Exact copies of the lines below are the goal; any images in them are dropped.
......
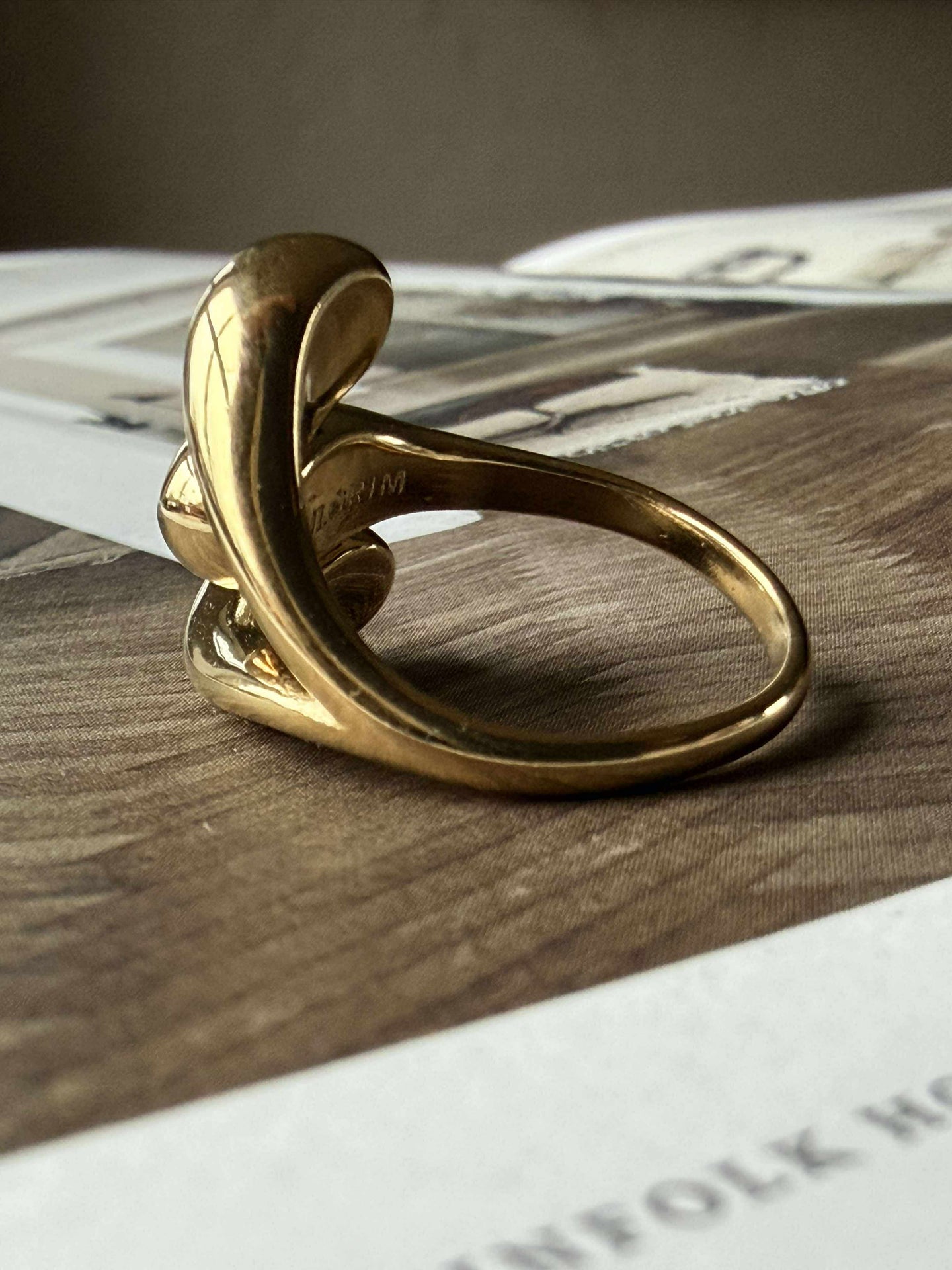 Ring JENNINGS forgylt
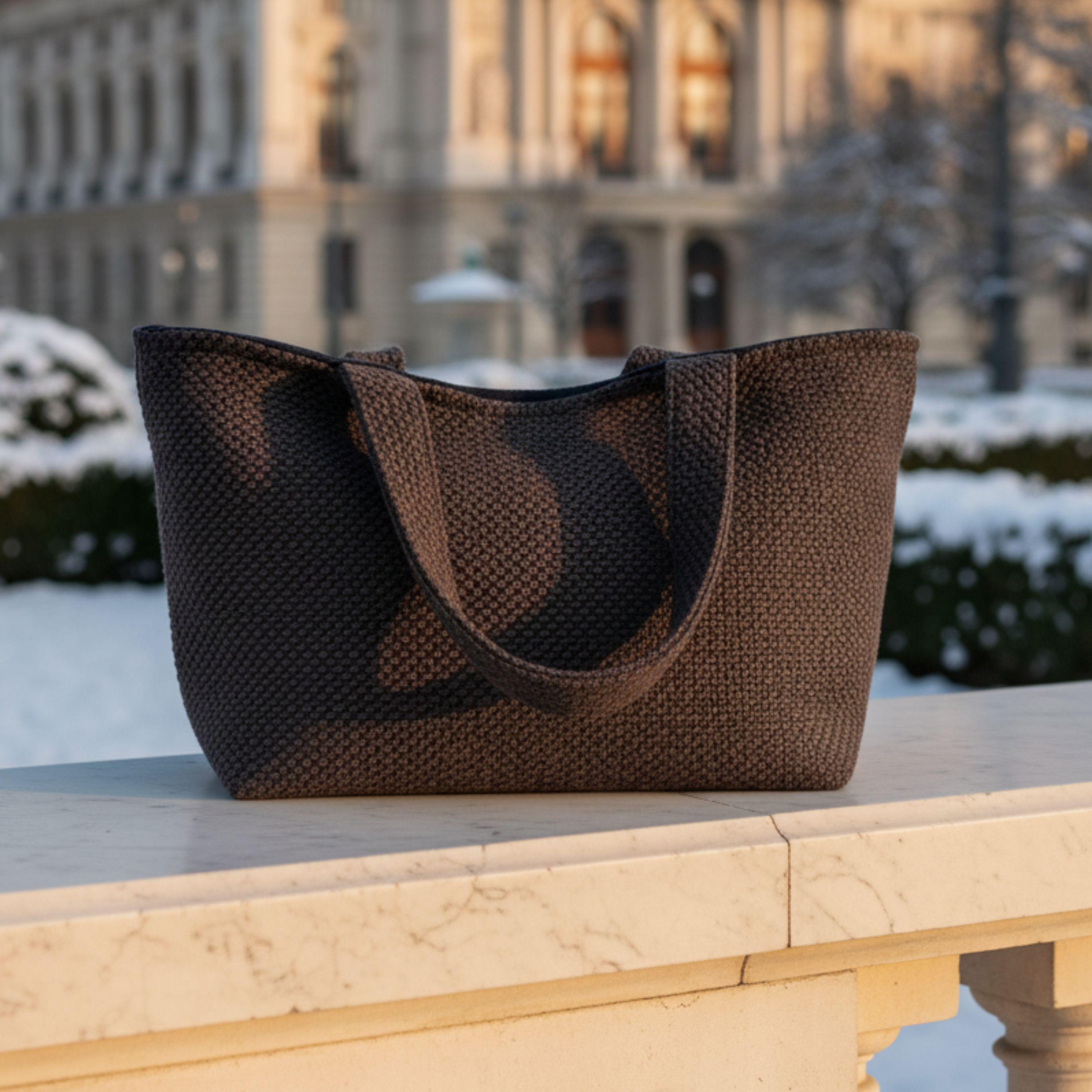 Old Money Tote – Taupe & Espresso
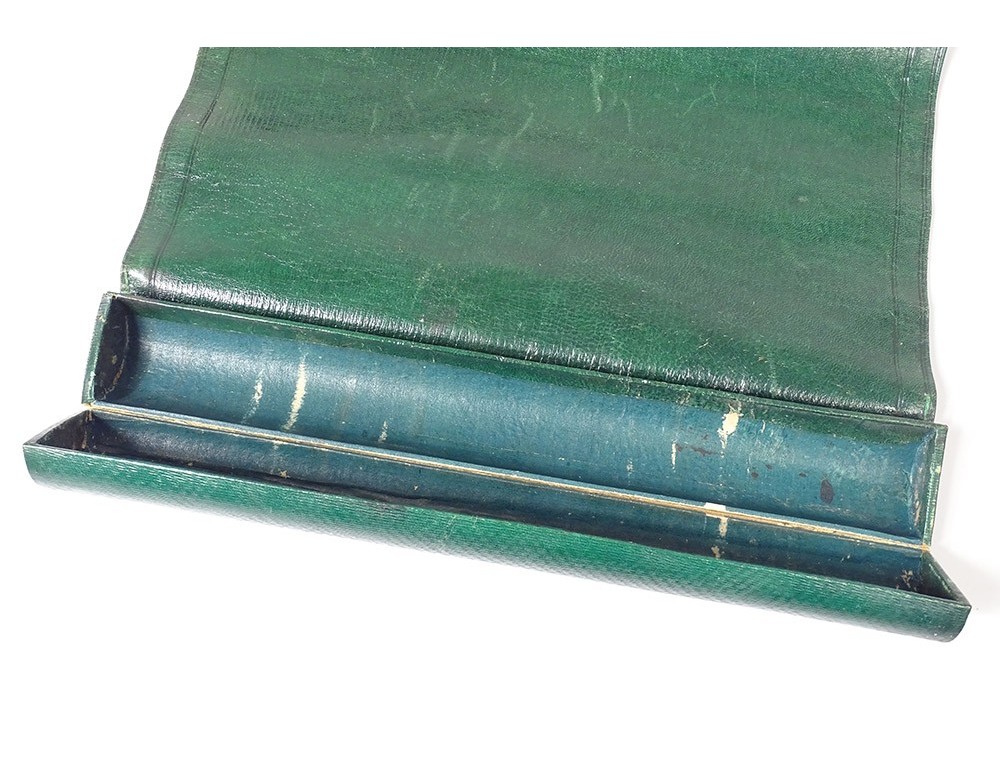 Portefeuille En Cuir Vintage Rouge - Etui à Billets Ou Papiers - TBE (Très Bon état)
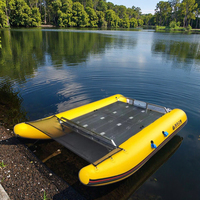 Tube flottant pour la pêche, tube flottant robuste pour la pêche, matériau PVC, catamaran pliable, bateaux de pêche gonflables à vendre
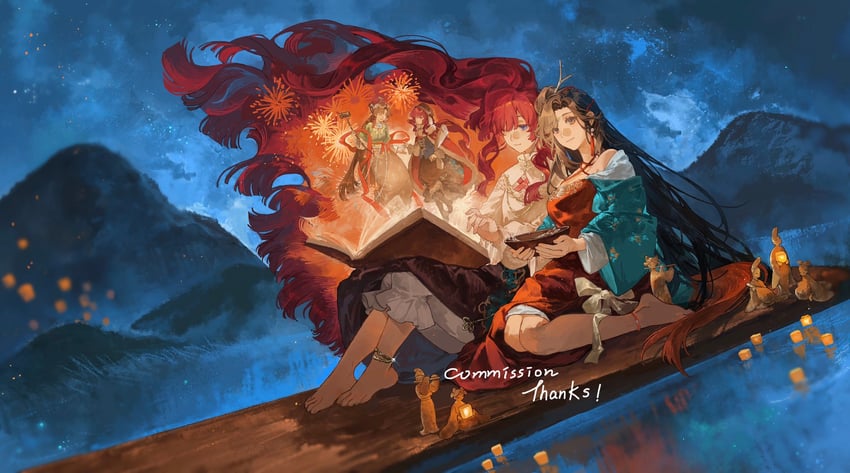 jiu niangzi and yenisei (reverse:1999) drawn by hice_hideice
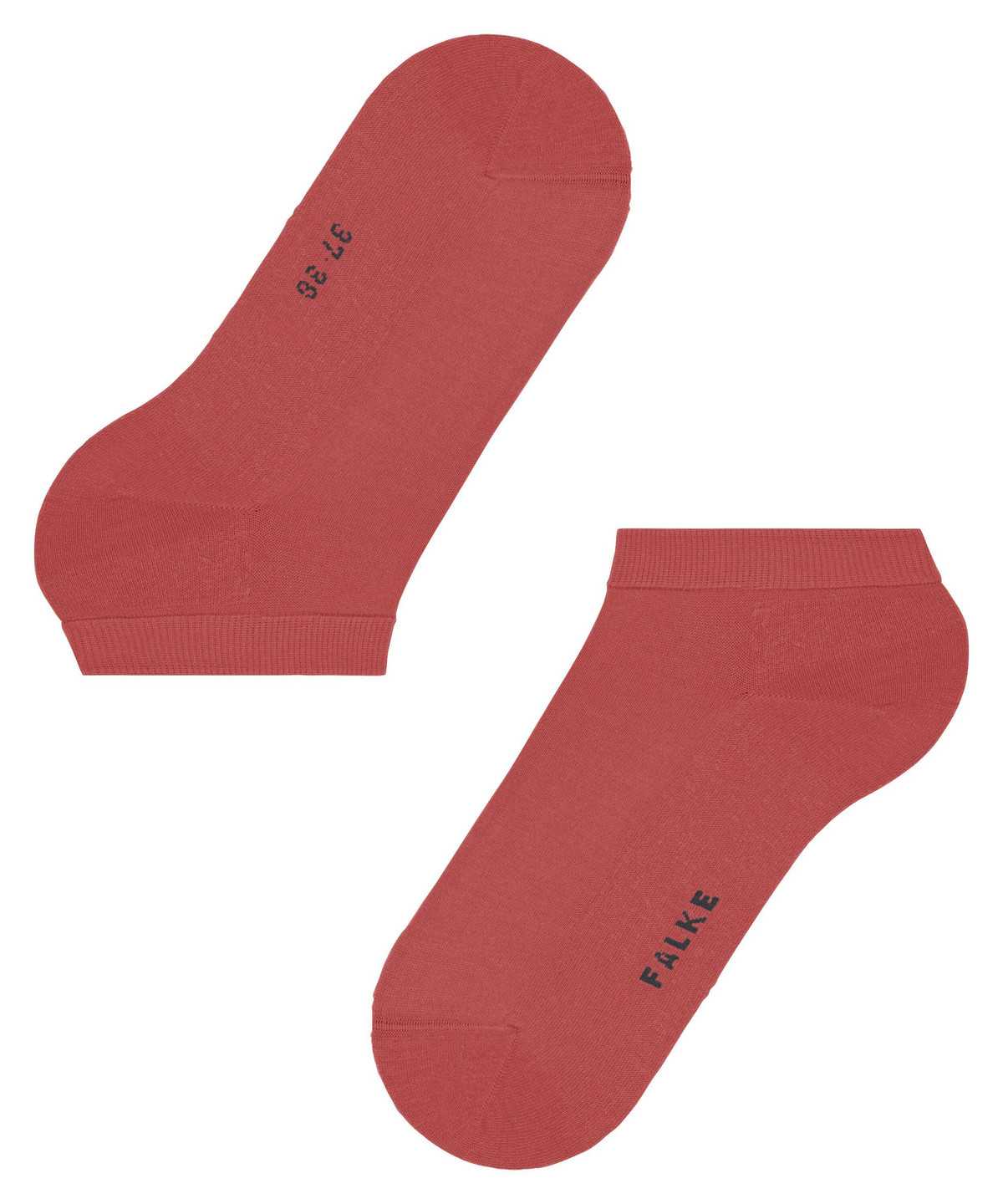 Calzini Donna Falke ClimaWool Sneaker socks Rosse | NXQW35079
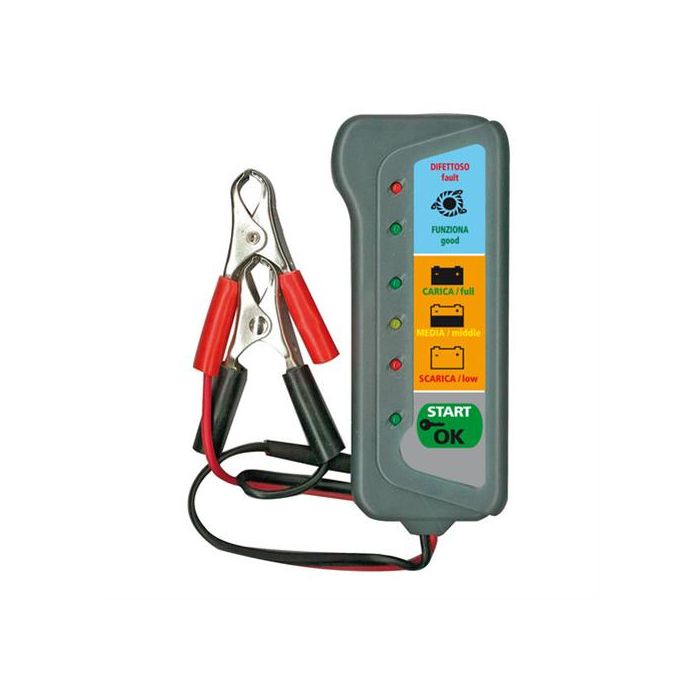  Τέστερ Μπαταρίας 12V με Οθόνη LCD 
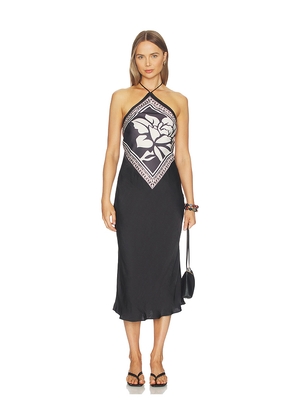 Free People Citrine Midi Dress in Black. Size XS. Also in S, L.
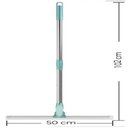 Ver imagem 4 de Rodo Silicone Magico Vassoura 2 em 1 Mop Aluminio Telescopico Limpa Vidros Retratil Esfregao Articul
......
▸ TASK ANSWER:
 Ring JENNINGS forgylt
 Old Money Tote – Taupe & Espresso
 Portefeuille En Cuir Vintage Rouge - Etui à Billets Ou Papiers - TBE (Très Bon état)
 Tube flottant pour la pêche, tube flottant robuste pour la pêche, matériau PVC, catamaran pliable, bateaux de pêche gonflables à vendre
 jiu niangzi and yenisei (reverse:1999) drawn by hice_hideice
 Calzini Donna Falke ClimaWool Sneaker socks Rosse | NXQW35079
  Τέστερ Μπαταρίας 12V με Οθόνη LCD 
 Free People Citrine Midi Dress in Black. Size XS. Also in S, L.
 Ver imagem 4 de Rodo Silicone Magico Vassoura 2 em 1 Mop Aluminio Telescopico Limpa Vidros Retratil Esfregao Articul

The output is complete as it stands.